# Alpharooms First Time Bookings.



## Sunny Days (7 Jan 2010)

Hi
I am using Alpharooms for the first time, and I am a bit concerned.
Last weekend I sent two emails, and I did not receive a reply to either.
Today I phoned them from Dublin and, after a lengthy wait, failed to get talking to anyone.
All I wanted to know is if we will have to pay additional credit card charges for booking the airport transfers through them.
We have already paid charges on booking the holiday (Hotel).
The lack of response from Alpharooms is a worry, and I would like to hear from others who have used this company, and how they found it.


----------



## Sue Ellen (7 Jan 2010)

There are many previous threads  with reference to AlphaRooms.


----------



## Sunny Days (8 Jan 2010)

Thanks.


----------



## Sunny Days (8 Jan 2010)

I have finally managed to make contact with Alpharooms.
I explained that I had sent two emails last weekend, to which I received no reply, and that I had sent one during the week, which went unanswered.
Although my phone call from Dublin yesterday failed to elicit a human response, I did manage to make contact today.
The gentleman who replied was very helpful and apologetic.
He answered my queries, and he also sent me vouchers by email which I need for the trip, and have now received.
I would not have known that vouchers were needed except for contributors to the Askaboutmoney.com site, in particular this thread, and to them I am grateful.
It is approaching time to book the summer holidays now and I am completely open to suggestions from other contributors.
Who do you recommend for online bookings, who do you find the best?
It would appear that Alpharooms are highly rated but I did not find any consolation in that when I could not make any contact with them, or get any response.
I want to be with the best, for customer service and for prices and, as I say, I would welcome hearing about your experience and recommendations.
Thanks.


----------



## joer (8 Jan 2010)

I have been using Alpharooms all the time without any problems.Having said that i have never had any reason to contact them.Hope everything works out for you.


----------



## helllohello (8 Jan 2010)

i have used alpharooms a few times and have had no problems.  I have often emailed the hotel direct to get their price for airport transfer. 
to get the best price, i use tripadvisor to choose the hotel i want and then spend time going through the various booking agents.  sometimes dealing directly with the hotel is cheapest.


----------



## Sunny Days (9 Jan 2010)

joer said:


> I have been using Alpharooms all the time without any problems.Having said that i have never had any reason to contact them.Hope everything works out for you.



Many thanks.


----------



## Sunny Days (9 Jan 2010)

helllohello said:


> i have used alpharooms a few times and have had no problems.  I have often emailed the hotel direct to get their price for airport transfer.
> to get the best price, i use tripadvisor to choose the hotel i want and then spend time going through the various booking agents.  sometimes dealing directly with the hotel is cheapest.

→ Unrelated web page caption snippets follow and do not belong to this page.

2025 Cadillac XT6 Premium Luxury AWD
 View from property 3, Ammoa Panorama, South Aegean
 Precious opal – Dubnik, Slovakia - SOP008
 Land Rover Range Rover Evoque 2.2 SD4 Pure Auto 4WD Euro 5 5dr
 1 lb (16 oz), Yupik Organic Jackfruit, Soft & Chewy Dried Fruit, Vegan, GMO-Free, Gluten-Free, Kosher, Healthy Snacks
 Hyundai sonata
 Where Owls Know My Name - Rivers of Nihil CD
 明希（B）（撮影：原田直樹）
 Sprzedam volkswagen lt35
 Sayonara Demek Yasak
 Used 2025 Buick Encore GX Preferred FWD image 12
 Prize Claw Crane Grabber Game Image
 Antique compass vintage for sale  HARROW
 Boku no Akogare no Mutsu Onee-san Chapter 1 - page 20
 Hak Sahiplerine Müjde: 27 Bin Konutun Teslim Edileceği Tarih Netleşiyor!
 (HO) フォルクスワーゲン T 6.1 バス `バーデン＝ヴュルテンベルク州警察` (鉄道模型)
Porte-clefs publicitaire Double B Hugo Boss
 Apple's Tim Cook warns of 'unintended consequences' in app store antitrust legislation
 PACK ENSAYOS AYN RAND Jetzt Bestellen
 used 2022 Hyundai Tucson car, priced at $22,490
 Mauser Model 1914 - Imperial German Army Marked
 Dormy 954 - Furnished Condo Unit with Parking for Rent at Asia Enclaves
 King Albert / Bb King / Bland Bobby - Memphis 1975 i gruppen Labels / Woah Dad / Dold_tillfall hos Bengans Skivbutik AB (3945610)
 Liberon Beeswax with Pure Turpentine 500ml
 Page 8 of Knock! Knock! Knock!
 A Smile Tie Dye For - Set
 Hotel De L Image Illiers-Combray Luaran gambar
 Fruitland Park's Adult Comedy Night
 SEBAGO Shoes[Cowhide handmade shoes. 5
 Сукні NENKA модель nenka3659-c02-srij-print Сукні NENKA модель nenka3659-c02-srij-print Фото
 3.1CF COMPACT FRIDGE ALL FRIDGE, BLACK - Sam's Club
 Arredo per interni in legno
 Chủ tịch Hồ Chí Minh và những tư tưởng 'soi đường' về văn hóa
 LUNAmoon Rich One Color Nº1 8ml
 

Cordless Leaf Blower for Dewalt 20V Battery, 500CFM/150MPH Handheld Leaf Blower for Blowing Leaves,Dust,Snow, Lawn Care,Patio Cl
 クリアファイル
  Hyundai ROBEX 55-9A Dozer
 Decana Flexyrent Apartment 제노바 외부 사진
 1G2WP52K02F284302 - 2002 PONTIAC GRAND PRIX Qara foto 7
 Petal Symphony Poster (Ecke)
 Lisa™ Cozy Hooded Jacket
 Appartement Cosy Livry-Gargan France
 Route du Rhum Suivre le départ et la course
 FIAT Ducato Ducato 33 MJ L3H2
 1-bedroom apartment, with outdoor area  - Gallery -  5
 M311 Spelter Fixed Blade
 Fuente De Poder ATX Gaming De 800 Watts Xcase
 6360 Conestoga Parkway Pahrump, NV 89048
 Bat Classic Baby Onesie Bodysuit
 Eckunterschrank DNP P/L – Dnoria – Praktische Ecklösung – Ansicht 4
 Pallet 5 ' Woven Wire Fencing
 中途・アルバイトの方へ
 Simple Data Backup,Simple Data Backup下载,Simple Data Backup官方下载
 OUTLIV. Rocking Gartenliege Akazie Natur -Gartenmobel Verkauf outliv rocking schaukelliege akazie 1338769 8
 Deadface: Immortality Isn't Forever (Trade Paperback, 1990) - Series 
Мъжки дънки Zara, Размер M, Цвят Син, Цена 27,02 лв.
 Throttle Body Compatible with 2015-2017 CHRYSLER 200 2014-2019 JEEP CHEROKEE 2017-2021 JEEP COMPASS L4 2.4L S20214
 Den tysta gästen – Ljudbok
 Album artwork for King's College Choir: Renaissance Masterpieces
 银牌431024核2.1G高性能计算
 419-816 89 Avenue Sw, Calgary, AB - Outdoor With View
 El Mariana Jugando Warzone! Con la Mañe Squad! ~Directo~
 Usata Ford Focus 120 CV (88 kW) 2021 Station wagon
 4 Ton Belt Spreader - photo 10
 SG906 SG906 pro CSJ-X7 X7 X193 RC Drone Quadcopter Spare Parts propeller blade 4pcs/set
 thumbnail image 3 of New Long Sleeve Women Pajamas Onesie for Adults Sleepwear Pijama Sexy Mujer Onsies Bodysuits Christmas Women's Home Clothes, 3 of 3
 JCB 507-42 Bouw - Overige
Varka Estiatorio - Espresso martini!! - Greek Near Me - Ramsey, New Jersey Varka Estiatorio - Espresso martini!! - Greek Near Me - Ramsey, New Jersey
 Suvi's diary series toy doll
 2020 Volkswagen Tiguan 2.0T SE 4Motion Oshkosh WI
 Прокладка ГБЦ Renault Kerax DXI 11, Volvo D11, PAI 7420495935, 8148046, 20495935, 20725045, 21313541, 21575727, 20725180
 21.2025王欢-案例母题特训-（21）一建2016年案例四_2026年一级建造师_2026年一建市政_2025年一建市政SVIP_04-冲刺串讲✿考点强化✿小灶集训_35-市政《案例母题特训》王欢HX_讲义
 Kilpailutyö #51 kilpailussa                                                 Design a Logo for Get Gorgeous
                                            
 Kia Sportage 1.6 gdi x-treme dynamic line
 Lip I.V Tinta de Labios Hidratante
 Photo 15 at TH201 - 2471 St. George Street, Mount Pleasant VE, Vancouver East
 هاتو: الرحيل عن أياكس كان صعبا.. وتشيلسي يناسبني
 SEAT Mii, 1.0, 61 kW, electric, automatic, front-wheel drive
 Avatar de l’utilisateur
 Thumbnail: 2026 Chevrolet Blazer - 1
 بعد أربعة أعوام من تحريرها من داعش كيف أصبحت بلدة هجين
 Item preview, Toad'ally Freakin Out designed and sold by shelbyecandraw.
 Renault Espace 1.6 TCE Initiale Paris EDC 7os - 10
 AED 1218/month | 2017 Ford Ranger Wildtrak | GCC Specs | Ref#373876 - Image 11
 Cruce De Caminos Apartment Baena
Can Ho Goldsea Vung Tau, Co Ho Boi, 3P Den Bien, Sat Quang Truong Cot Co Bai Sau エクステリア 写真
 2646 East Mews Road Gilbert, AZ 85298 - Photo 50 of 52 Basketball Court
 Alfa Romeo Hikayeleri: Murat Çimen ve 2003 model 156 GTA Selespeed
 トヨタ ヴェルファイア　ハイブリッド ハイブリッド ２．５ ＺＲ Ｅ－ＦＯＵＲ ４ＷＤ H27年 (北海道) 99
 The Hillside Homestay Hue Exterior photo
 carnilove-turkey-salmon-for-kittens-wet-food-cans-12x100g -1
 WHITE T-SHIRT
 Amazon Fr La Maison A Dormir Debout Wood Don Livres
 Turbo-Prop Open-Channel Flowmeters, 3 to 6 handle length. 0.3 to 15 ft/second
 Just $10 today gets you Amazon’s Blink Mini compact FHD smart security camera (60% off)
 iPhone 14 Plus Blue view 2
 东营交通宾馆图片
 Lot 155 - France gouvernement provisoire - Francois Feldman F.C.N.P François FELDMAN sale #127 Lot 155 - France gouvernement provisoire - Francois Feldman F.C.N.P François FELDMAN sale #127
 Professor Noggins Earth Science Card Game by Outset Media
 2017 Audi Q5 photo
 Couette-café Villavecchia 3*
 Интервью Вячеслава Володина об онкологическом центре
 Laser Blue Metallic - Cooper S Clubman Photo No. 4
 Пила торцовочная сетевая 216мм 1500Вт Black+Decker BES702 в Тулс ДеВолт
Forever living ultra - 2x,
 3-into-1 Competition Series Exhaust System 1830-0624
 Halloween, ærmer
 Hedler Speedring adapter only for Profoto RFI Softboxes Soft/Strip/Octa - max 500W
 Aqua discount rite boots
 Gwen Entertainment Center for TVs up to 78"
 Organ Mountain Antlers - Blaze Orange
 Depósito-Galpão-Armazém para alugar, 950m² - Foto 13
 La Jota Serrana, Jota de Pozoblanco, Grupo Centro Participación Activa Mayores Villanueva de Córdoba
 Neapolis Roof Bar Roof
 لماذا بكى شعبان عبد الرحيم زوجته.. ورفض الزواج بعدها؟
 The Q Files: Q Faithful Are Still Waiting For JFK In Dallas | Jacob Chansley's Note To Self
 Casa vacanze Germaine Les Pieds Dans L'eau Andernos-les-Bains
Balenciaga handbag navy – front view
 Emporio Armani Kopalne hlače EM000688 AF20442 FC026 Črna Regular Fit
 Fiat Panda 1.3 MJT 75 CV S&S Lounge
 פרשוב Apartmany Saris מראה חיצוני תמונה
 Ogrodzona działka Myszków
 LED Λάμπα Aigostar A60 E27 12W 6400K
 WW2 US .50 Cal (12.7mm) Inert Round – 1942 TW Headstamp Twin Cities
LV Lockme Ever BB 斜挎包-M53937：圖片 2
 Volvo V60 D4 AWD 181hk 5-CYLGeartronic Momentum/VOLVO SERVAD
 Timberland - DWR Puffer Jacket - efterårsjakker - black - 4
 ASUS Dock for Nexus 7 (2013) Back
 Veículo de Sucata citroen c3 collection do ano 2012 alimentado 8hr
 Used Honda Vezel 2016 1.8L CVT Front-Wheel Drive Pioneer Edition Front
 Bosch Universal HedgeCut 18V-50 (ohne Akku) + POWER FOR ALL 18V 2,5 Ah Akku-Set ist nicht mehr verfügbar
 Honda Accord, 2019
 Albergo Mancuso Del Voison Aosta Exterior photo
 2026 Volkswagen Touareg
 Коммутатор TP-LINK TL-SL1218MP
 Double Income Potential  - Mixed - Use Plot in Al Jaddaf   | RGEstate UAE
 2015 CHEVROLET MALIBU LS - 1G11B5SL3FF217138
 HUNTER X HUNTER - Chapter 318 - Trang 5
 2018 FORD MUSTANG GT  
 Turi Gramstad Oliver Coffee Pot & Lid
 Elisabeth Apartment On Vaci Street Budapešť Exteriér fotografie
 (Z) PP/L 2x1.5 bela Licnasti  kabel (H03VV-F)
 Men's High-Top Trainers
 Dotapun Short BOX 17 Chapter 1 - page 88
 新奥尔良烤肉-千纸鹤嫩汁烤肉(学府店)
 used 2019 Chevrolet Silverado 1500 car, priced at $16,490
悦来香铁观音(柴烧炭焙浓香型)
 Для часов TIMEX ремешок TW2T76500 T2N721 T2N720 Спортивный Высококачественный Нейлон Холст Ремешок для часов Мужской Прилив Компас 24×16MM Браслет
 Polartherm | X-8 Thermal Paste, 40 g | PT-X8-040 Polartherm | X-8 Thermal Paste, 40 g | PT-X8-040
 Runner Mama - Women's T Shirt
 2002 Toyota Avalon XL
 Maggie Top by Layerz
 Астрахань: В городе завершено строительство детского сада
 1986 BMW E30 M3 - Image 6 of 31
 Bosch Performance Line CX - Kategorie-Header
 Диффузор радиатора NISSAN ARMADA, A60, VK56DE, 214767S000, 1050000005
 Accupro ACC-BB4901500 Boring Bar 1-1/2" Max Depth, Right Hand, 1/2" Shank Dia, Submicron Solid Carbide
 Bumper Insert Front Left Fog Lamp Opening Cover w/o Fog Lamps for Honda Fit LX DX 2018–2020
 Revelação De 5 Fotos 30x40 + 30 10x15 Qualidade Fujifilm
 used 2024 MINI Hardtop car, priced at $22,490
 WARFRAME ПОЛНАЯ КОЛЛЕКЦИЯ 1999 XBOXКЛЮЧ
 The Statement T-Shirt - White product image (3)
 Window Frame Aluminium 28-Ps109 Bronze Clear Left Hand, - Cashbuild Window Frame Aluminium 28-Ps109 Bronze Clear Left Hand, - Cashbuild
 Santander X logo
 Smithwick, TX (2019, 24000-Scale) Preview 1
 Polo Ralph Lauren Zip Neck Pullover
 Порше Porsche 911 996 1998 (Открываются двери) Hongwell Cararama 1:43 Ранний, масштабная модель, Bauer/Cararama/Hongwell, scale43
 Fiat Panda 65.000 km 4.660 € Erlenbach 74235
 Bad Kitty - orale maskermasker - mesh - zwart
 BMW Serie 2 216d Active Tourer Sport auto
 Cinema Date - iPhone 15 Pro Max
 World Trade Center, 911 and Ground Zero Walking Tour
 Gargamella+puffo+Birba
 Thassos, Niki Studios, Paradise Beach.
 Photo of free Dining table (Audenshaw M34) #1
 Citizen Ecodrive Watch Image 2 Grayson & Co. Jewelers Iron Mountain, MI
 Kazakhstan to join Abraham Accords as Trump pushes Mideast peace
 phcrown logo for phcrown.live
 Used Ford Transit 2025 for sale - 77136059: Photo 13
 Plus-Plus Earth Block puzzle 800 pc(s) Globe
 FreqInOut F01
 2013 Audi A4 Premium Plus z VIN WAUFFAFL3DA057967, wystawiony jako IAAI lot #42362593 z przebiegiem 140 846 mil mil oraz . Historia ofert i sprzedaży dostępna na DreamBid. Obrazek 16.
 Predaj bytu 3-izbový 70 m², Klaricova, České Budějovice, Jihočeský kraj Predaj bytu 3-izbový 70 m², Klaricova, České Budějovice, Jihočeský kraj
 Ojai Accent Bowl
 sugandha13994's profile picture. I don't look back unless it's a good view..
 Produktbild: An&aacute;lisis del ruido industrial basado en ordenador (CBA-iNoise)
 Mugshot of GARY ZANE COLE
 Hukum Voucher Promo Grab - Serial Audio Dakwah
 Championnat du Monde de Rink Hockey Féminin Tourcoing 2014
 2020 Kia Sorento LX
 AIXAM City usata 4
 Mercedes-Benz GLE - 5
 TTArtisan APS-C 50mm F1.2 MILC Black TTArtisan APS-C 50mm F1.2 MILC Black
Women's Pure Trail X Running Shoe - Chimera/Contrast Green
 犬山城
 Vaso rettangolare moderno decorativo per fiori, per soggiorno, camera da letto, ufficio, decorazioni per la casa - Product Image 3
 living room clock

Good to hear that you had no problems with Alpharooms.
Reports are strongly favourable.
I have not yet booked the transfers so it gives me the opportunity to try your idea of contacting the hotel directly.
I do use your method of checking Tripadvisor to find the hotel and I then check out the various booking agents.
This time round dealing directly with the hotel did not give the best deal, as Alpharooms were best of all offers.
Good to get your views.
Sincere thanks.


----------



## redwood park (9 Jan 2010)

Hi.  I always book flights and hotel separately.  I like to give 1800hotels.ie  (because they are Irish) a chance to quote first. They say they have lowest price guaranee. I have got lower price on alpharooms and  when I phoned 1800 they matched it a few times but not always. I also look at travelsupermarket.com which does price comparison for all hotels.  If I can I like to book directly with hotel as you don't have to pay until check out and you can cancel up to a few days beforehand without penalties. This option may cost little more but in the current climate you have peace of mind. The likes of alpharooms etc are fine if you don't have a problem. You need to look at T & C's with a magnifying glass. They can change bookings but you just try to change anything you will pay a hefty price. I find the forums for places you are going to on tripadvisor.com very usefull for info on transfers,restaurants etc.Have a good holiday.


----------



## Sunny Days (9 Jan 2010)

redwood park said:


> Hi.  I always book flights and hotel separately.  I like to give 1800hotels.ie  (because they are Irish) a chance to quote first. They say they have lowest price guaranee. I have got lower price on alpharooms and  when I phoned 1800 they matched it a few times but not always. I also look at travelsupermarket.com which does price comparison for all hotels.  If I can I like to book directly with hotel as you don't have to pay until check out and you can cancel up to a few days beforehand without penalties. This option may cost little more but in the current climate you have peace of mind. The likes of alpharooms etc are fine if you don't have a problem. You need to look at T & C's with a magnifying glass. They can change bookings but you just try to change anything you will pay a hefty price. I find the forums for places you are going to on tripadvisor.com very usefull for info on transfers,restaurants etc.Have a good holiday.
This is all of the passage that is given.